To me if I spend $10 I expect 100 downloads (those are free, not sales). I get that with GenrePulse *IF* I give them a proper wait between ad purchases. No advertiser is going to perform great month after month. That's why BookBub, ENT, ReadCheaply and others insist on a few months between ads.

Anyway, the other nice thing about GenrePulse is that James provides you with click tracks. You can see how many times people clicked on your ad, and then get a fairly accurate conversion rate from that. That can give you an idea if your blurb is working.


----------



## 60169 (May 18, 2012)

BookSends has worked well for me. I used them to promote a Christmas short story ten days ago and got 3,000 downloads.


----------



## Usedtoposthere (Nov 19, 2013)

I think "works" and "doesn't work" depends SO much on genre, subgenre, all sorts of things--who you're a match for.

I way outperform on BookBub--have always had far more than the average sales or downloads for my genre. So that one, obviously, is the top for me.

BookSends has been good, except once when it wasn't. 

ENT has been crappy, the couple times they accepted me. Usually, they've rejected me, and I've decided that they and I aren't a match, for whatever reason. BB has never rejected me, ENT has often rejected me. 

My Romance Reads--have tried them twice, two different books.

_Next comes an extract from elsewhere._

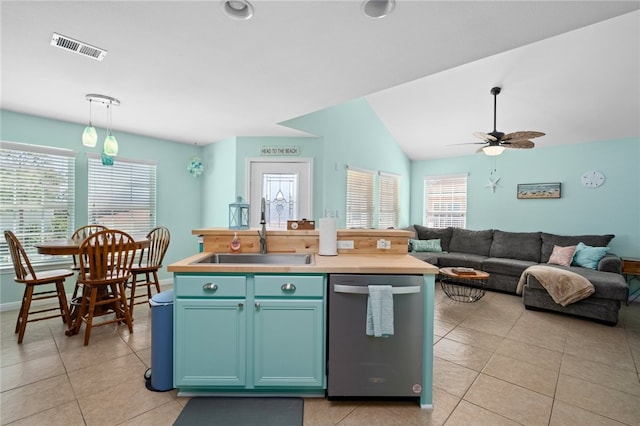 kitchen with visible vents, hanging light fixtures, open floor plan, a sink, and dishwasher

HORRIBLE. Total waste of money. I got a very, very, very few sales out of them, for an expensive ad--both times, free and 99 cents. My take is--covers without nekkid boys? Forget it.

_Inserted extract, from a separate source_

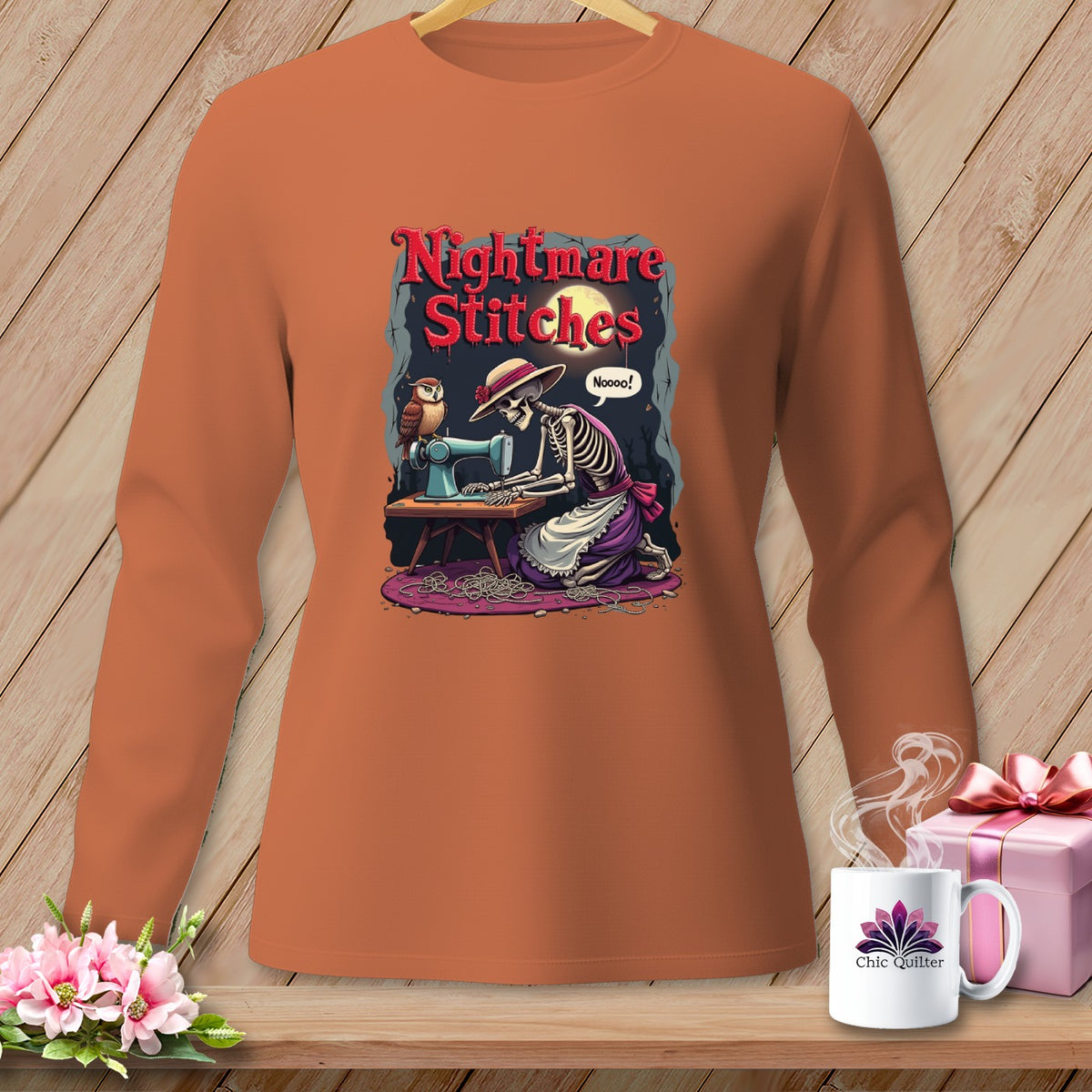 Skeleton sewing with owl, text Nightmare Stitches, on orange long-sleeve shirt.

KND, on the other hand, has been good for me, worth the considerable cost.

Freebooksy has usually been quite good--second only to BookBub for a freebie. Except once when it wasn't (again with that!) 

BookGorilla has not been good.

The Fussy Librarian has been quite good, especially for the cost.

fkbooksandtips has been pretty good (not too pricey)--I'm a good match. (Subscribers tend to be somewhat older & more conservative ladies, I believe. More the B&N crowd than the iBooks crowd--different from My Romance Reads subscribers, is my guess.) 

I think, bottom line, you have to try the different sites yourself and see how they perform for you. Not easy at all to generalize across the board. I've heard of folks who don't do that well with BookBub, too.


----------



## Usedtoposthere (Nov 19, 2013)

Oh--on another note--pay-per-click ads? Amazon, Goodreads, Facebook. Just Say No. CPC (cost per click) isn't an economical proposition when you're talking about something as cheap as an ebook. You can easily be paying 25 cents for a click, and dollars for a sale!


----------



## Elizabeth Ann West (Jul 11, 2011)

These kinds of discussions aggravate me because they assume the ONLY metric important for advertising is ROI. But that's not true. 

Every mention of you and your book online, in print, in audio (like a pod cast) is a clip. The more clips you have, the bigger the audience you have exposed to you and your brand. Only a handful of clips will ever earn out their cost directly in sales you can trace directly to that ad purchase. The vast majority of clips will merely alert a potential customer you and your product exist.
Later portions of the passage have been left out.